May 23, 2017

How Useful is BPM in Addressing Compliance Issues?

David Found
Vice President of Product
Image of a man wearing a grey suit, out of focus, with red duct tape criss-crossing all around him

The content below was published on Corporate Compliance Insights Blog – a knowledge-sharing forum designed to educate and encourage informed interaction within the corporate compliance, governance and risk community. To read the original post, click here.

Business Process Management is Critical on Multiple Fronts

Gartner defines BPM as “a management discipline that treats processes as assets that directly contribute to enterprise performance by driving operational excellence and business process agility.” Put in layman’s terms, BPM gives organizations a structured environment to document and modify processes and can ensure any changes meet compliance requirements. Without BPM technology, companies are doing more manual work and therefore are at more of a risk for monetary loss and failure.

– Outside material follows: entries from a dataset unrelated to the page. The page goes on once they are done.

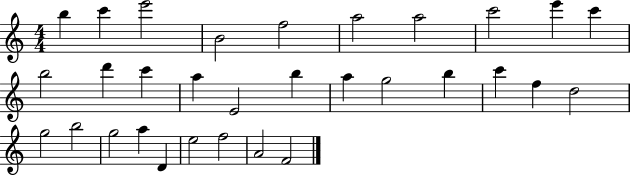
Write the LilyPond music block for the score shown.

{
  \clef treble
  \numericTimeSignature
  \time 4/4
  \key c \major
  b''4 c'''4 e'''2 | b'2 f''2 | a''2 a''2 | c'''2 e'''4 c'''4 | \break b''2 d'''4 c'''4 | a''4 e'2 b''4 | a''4 g''2 b''4 | c'''4 f''4 d''2 | \break g''2 b''2 | g''2 a''4 d'4 | e''2 f''2 | a'2 f'2 | \break \bar "|."
}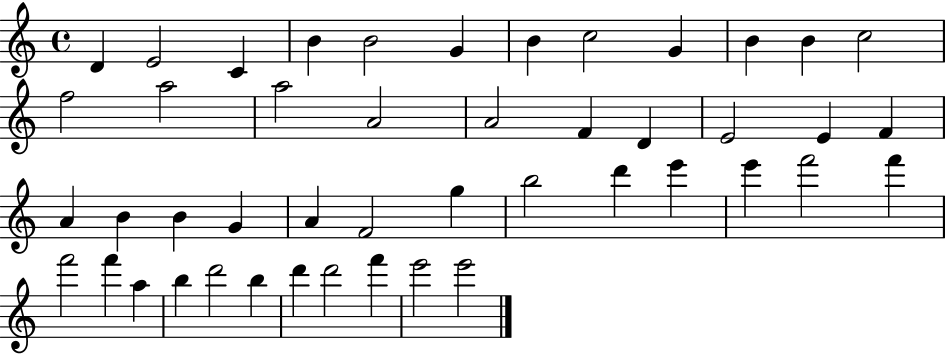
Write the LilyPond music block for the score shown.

{
  \clef treble
  \time 4/4
  \defaultTimeSignature
  \key c \major
  d'4 e'2 c'4 | b'4 b'2 g'4 | b'4 c''2 g'4 | b'4 b'4 c''2 | \break f''2 a''2 | a''2 a'2 | a'2 f'4 d'4 | e'2 e'4 f'4 | \break a'4 b'4 b'4 g'4 | a'4 f'2 g''4 | b''2 d'''4 e'''4 | e'''4 f'''2 f'''4 | \break f'''2 f'''4 a''4 | b''4 d'''2 b''4 | d'''4 d'''2 f'''4 | e'''2 e'''2 | \break \bar "|."
}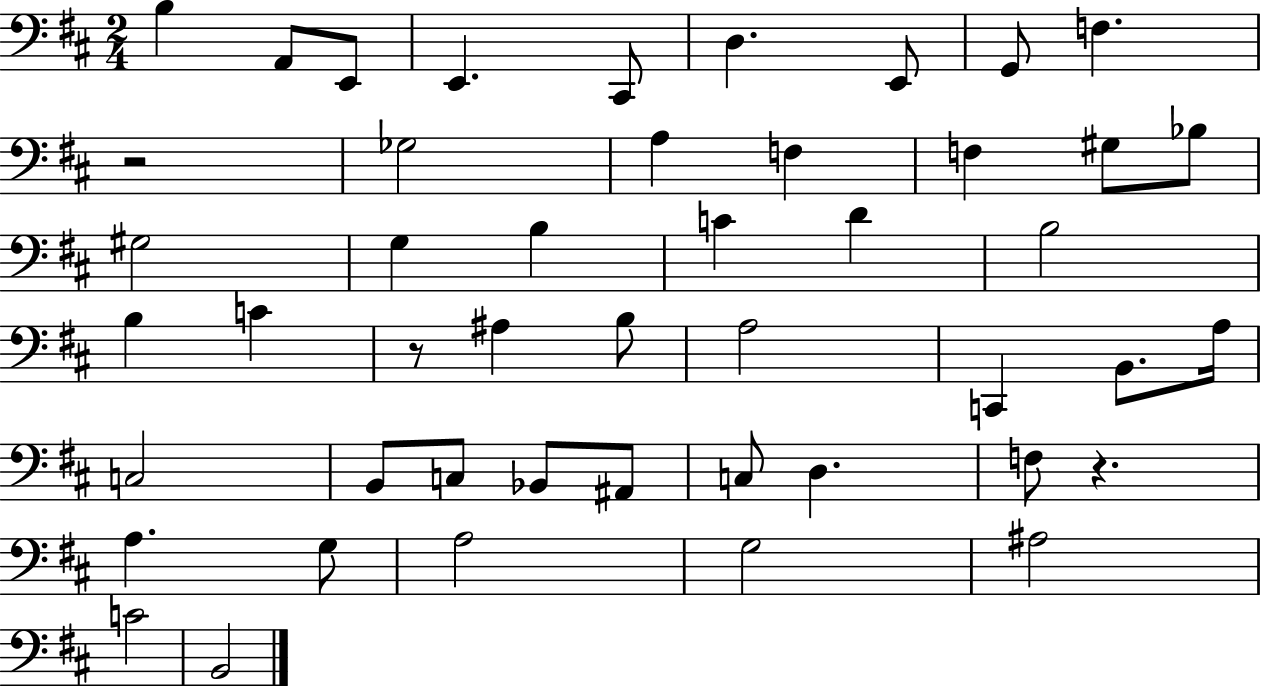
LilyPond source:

{
  \clef bass
  \numericTimeSignature
  \time 2/4
  \key d \major
  b4 a,8 e,8 | e,4. cis,8 | d4. e,8 | g,8 f4. | \break r2 | ges2 | a4 f4 | f4 gis8 bes8 | \break gis2 | g4 b4 | c'4 d'4 | b2 | \break b4 c'4 | r8 ais4 b8 | a2 | c,4 b,8. a16 | \break c2 | b,8 c8 bes,8 ais,8 | c8 d4. | f8 r4. | \break a4. g8 | a2 | g2 | ais2 | \break c'2 | b,2 | \bar "|."
}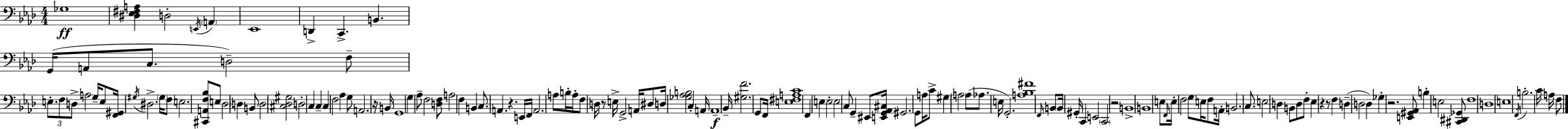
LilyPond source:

{
  \clef bass
  \numericTimeSignature
  \time 4/4
  \key f \minor
  ges1\ff | <dis ees fis a>4 d2-. \acciaccatura { e,16 } \parenthesize a,4 | ees,1 | d,4-> c,4.-> b,4. | \break g,16( a,8 c8. d2--) f8-- | \tuplet 3/2 { e8.-. f8 d8-> } a2 | g16-- e8 <f, gis,>16 \acciaccatura { gis16 } dis2.-> | \parenthesize gis16 f8 e2. | \break <cis, a, f bes>8 e8 des2 \parenthesize d4 | b,8 d2 <cis des gis>2 | d2-. c4 c4-- | c4 f2 aes4 | \break g8 a,2. | r16 b,16 g,1 | g4 aes8-- f2 | <d f>8 a2 f4 b,4 | \break c8. a,4. r4. | e,16 f,16 a,2. a8 | b16-. a16-. f8 d16 r8 e16-> g,2-> | a,16 dis8 d16 <ges aes b>2 c4-. | \break a,16 a,1--\f | bes,16-- <gis f'>2. g,8 | f,16 <e fis a c'>1 | f,4 e4 e2-. | \break e2 c8 g,4-- | eis,8 <e, g, aes, cis>16 gis,2. g,8 | a16 c'8-> gis4 \parenthesize a2 | a8( aes8. e16 g,2.-.) | \break <a bes fis'>1 | \grace { f,16 } b,8 \parenthesize b,16 gis,16-. c,4 e,2 | \parenthesize c,2 r2 | b,1-> | \break b,1 | e8 \grace { f,16 } e16-. f2 g8 | e16 f8 a,16-. b,2. | c8. e2 d4 | \break b,8 d8 f8-. ees4 r4 r8 | f4 d4--( d2 | d4) ges4-. r2. | <e, gis, aes,>8 b4-. e2 | \break <cis, dis, ges,>8 f1 | d1 | e1 | \acciaccatura { f,16 } b2.-. | \break c'16 a16 f8 \bar "|."
}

The better the BPM system, the lower the compliance costs. Simple.

Specifically, companies in financial services, insurance, health care, communications, and other heavily regulated sectors should implement a process-driven approach that offers a cross-functional perspective. After all, having a well-defined outline of your workflow and business rules in place is beneficial in the event of a breach or audit. In fact, a good BPM software option should afford you full visibility of your audit trails and allow you to meet service level agreements with configurable dashboards and reports that improve reliability by tracking in a timely manner.

Getting Started

When asked what the biggest challenge to the organization was in regard to regulatory compliance in a 2015 AIIM study, 40 percent of respondents stated it was keeping policy and procedures up-to-date. With new laws and regulations constantly changing, BPM provides a platform to keep up with these changes quicker and with more control. You must make sure your policies reflect real-time business conditions and utilize custom software tools that track risk and deliver automatic notifications for greater clarity.

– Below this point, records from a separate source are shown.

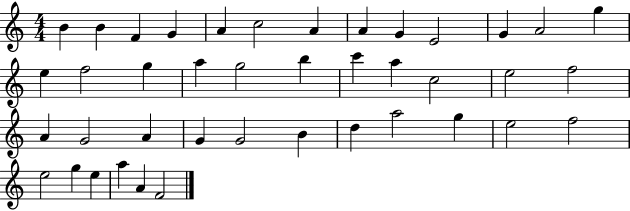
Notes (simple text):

B4/q B4/q F4/q G4/q A4/q C5/h A4/q A4/q G4/q E4/h G4/q A4/h G5/q E5/q F5/h G5/q A5/q G5/h B5/q C6/q A5/q C5/h E5/h F5/h A4/q G4/h A4/q G4/q G4/h B4/q D5/q A5/h G5/q E5/h F5/h E5/h G5/q E5/q A5/q A4/q F4/h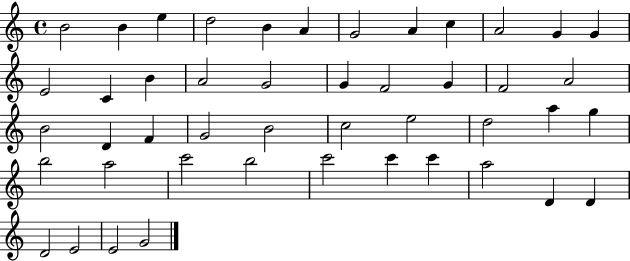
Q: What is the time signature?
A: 4/4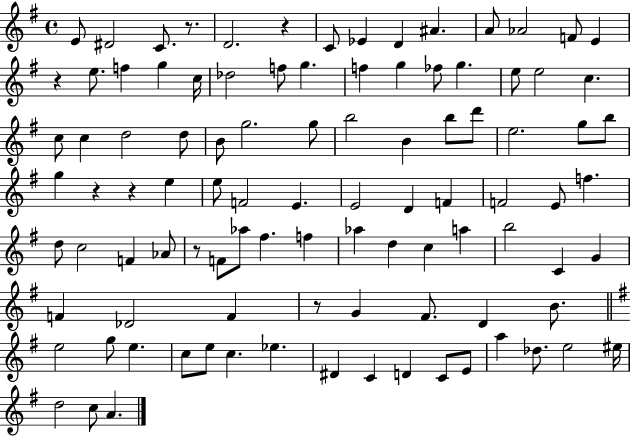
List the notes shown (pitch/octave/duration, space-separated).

E4/e D#4/h C4/e. R/e. D4/h. R/q C4/e Eb4/q D4/q A#4/q. A4/e Ab4/h F4/e E4/q R/q E5/e. F5/q G5/q C5/s Db5/h F5/e G5/q. F5/q G5/q FES5/e G5/q. E5/e E5/h C5/q. C5/e C5/q D5/h D5/e B4/e G5/h. G5/e B5/h B4/q B5/e D6/e E5/h. G5/e B5/e G5/q R/q R/q E5/q E5/e F4/h E4/q. E4/h D4/q F4/q F4/h E4/e F5/q. D5/e C5/h F4/q Ab4/e R/e F4/e Ab5/e F#5/q. F5/q Ab5/q D5/q C5/q A5/q B5/h C4/q G4/q F4/q Db4/h F4/q R/e G4/q F#4/e. D4/q B4/e. E5/h G5/e E5/q. C5/e E5/e C5/q. Eb5/q. D#4/q C4/q D4/q C4/e E4/e A5/q Db5/e. E5/h EIS5/s D5/h C5/e A4/q.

Here’s how you can prepare for implementing BPM software in your organization:

  1. Understand and define your processes and current systems before searching for tools.
  2. Define your goals and the parameters of meeting those goals. For example, are you willing to invest in large system changes, or do you want to keep using your legacy tools? Knowing which BPM software meets your end goal – whether it’s one that connects to your existing tools or creates new efficiencies – will help you reach your desired outcome.
  3. Get stakeholder involvement and approval, and set up a time frame on how long it will take to train your team.
  4. Have a baseline of your current data to ensure you can properly measure improvement going forward.

Making a small organizational change – like having one location for your documents and procedures – can mean big returns such as a reduction in auditing costs, quality improvement and a greater ROI. BPM is all about cutting out the waste and producing quality products/services – which are indicators of safe and trustworthy operations that bodes well on any compliance report.

In short, compliance and BPM are natural siblings and create the most value when paired together. To make sure nothing slips through the cracks, implement a process management solution so your compliance needs are always in check.